Le sectarisme prédomine l'arène politique dans les années qui suivent et amplifie les tensions entre les classes sociales. L'attitude sectaire déclenche un antagonisme féroce entre les membres des deux partis politiques rivaux nés de l'élection de 1832, le Parti libéral (ou partisans de la réforme), et le Parti conservateur (ou tory).
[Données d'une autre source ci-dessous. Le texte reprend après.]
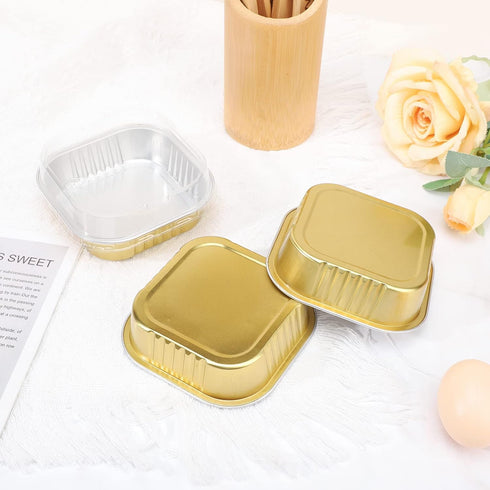 EUSOAR Cupcake Liners with Lids, 50pcs Gold Aluminum Foil Square Baking Cups for Muffin, Pie, Lava Cakes, Flan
Le Parti libéral et le Parti conservateur

Le Parti libéral défend les droits des Irlandais, des catholiques et des méthodistes, ainsi que ceux des pêcheurs, des serviteurs et d'autres citoyens des classes populaires. Il entend répartir le financement et les nominations politiques du gouvernement entre les membres des Églises anglicane et catholique de façon plus égalitaire. Il veut également permettre aux habitants d'origine irlandaise de faire partie d'un jury et de bénéficier des privilèges dont jouissent les citoyens d'origine anglaise. Le parti espère aussi augmenter les recettes de la colonie. Il compte donc imposer une taxe sur le secteur de la pêche. Les montants perçus seront consacrés à des travaux de construction routière, à la rémunération des fonctionnaires de la justice et au règlement d'autres dépenses.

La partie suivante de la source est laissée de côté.